▶ _About this task_: Give back exactly the stretch of data below from the line holding "natural water slide." through the line holding "uma cozinha com", both ends included, and leave the remaining lines out.

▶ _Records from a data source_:
********

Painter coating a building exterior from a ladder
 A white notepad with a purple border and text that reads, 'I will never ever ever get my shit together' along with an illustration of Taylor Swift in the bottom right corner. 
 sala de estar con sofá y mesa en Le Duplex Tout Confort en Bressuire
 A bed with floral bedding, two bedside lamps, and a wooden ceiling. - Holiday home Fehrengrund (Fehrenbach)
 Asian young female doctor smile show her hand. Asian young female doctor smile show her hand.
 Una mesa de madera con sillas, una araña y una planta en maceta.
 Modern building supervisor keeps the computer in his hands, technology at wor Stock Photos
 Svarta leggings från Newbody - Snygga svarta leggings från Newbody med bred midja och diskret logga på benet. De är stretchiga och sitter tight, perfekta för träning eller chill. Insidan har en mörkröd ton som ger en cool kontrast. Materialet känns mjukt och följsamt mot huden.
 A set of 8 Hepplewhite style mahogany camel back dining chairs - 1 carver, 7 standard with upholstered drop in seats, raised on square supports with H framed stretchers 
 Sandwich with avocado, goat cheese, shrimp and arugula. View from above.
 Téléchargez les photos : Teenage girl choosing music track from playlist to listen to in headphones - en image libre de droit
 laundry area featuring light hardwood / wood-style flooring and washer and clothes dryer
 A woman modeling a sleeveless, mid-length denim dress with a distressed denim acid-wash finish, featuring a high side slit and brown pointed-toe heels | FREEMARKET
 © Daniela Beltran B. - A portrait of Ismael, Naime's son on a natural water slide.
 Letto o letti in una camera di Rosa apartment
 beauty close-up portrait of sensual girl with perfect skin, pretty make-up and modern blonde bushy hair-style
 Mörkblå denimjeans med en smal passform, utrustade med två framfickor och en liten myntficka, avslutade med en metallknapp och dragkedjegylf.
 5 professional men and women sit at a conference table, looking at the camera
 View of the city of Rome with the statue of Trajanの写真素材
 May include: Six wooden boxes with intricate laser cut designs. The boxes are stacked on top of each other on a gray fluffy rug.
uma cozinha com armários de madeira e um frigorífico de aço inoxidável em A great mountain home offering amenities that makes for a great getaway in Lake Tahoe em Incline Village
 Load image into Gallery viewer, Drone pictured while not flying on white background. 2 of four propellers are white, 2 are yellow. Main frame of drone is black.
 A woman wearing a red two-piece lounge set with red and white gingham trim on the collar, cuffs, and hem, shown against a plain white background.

********

▶ _Answer box_:
 © Daniela Beltran B. - A portrait of Ismael, Naime's son on a natural water slide.
 Letto o letti in una camera di Rosa apartment
 beauty close-up portrait of sensual girl with perfect skin, pretty make-up and modern blonde bushy hair-style
 Mörkblå denimjeans med en smal passform, utrustade med två framfickor och en liten myntficka, avslutade med en metallknapp och dragkedjegylf.
 5 professional men and women sit at a conference table, looking at the camera
 View of the city of Rome with the statue of Trajanの写真素材
 May include: Six wooden boxes with intricate laser cut designs. The boxes are stacked on top of each other on a gray fluffy rug.
uma cozinha com armários de madeira e um frigorífico de aço inoxidável em A great mountain home offering amenities that makes for a great getaway in Lake Tahoe em Incline Village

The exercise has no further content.